Nur ein einziges Mal hat sich Richard Strauss an eine komische Oper gewagt. 1935 erlebte „Die schweigsame Frau“ eine erfolgreiche Uraufführung und verschwand dann schnell in der Versenkung. Die Nazis hatten dafür gesorgt, weil Strauss den Namen des jüdischen Librettisten Stefan Zweig nicht unter den Teppich kehren wollte. Alle Wiederbelebungsversuche nach dem Krieg blieben weitgehend vergeblich. „Die schweigsame Frau“ ist auf kaum einer Opernbühne zu finden. Das Essener Aalto-Theater startet nun einen neuen Versuch. Regisseur Guy Joosten hat sie neu inszeniert und ist sich bewusst, dass Straussens Humor eher speziell war.

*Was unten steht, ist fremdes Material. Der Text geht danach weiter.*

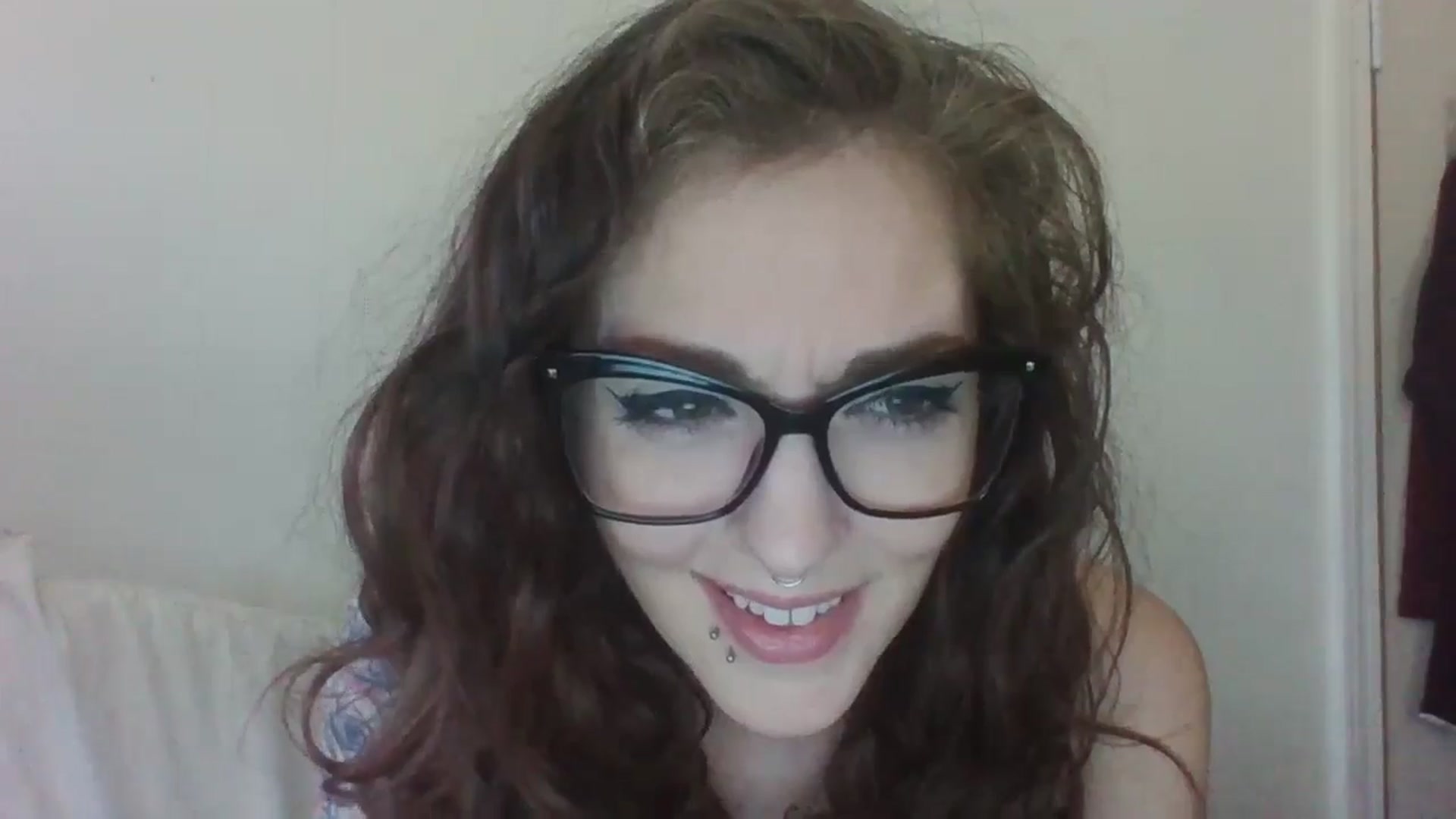 Gallery image thumbnail from Vicki_Rose's myfreecams stream on, 07/19/2024, 21:15 image 11 of 20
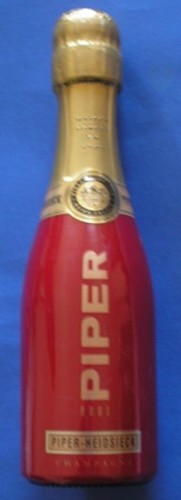Petite bouteille factice - petite,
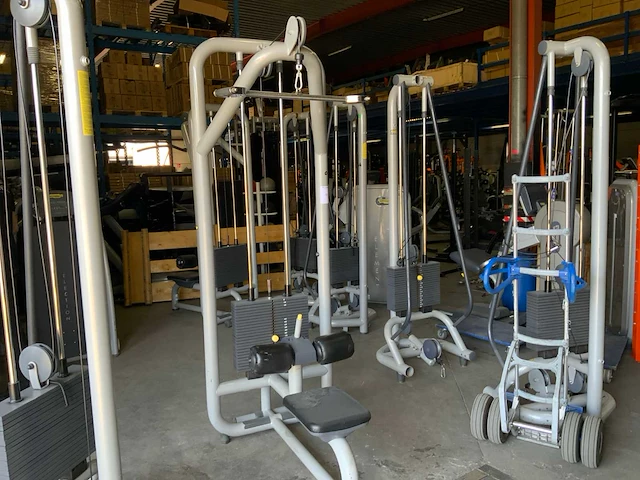Technogym selection line lat pulley krachtstation - afbeelding 1 van  5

„Man muss Strauss schon kennen, damit es lustig wird“, hatte Joosten vor der Essener Premiere gesagt. Als Vorab-Entschuldigung muss man das glücklicherweise nicht verstehen, denn Joosten zieht wahrlich alle Register, um den drei Aufzügen ein Höchstmaß an Komik zu entlocken. Herausgekommen ist eine schrille, bunte Version, die wirkungsvoll und gekonnt mit Filmzitaten und Elementen der Commedia dell´arte gewürzt ist.
Die Regie musste sich dafür gar nicht groß verrenken, denn die Geschichte liefert bereits erstklassige Ansätze. Hauptfigur ist der alte Kapitän Morosus, der bei seinen Seefahrten offenbar allerhand Dublonen eingeheimst hat. Joosten und Ausstattungs-Altmeister Johannes Leiacker zeigen eine ergraute Version des Kino-Piraten Jack Sparrow, der auf einer Insel in seiner Schatztruhe haust. Darum herum wuselt die Haushälterin in einem papageienbunten Glitzerkostüm, welches gut aus dem Fundus des DDR-Fernsehballetts stammen könnte, und feudelt die Kakteen ab. Leider kann sie nie die Klappe halten, was der alte Pirat schon deshalb kaum ertragen kann, weil er vom lauten Kanonendonner ein Problem mit seinen Ohren hat.
Eine schweigsame Frau soll her – möglichst jung und folgsam. Die schüchterne „Timidia“ scheint genau zu passen, doch in Wahrheit ist sie die verkleidete Ehefrau des enterbten Neffen, die dem Alten eine Lektion erteilen soll. Die Geschichte nach einer englischen Komödie aus dem 17. Jh. hat es mehrfach auf die Opernbühne geschafft. Deutlich bekannter als Straussens Version ist Donizettis „Don Pasquale“. Zweigs Libretto hat mehr Tiefgang, aber auch mehr Längen. Eine spritzige Komödie ist es nicht.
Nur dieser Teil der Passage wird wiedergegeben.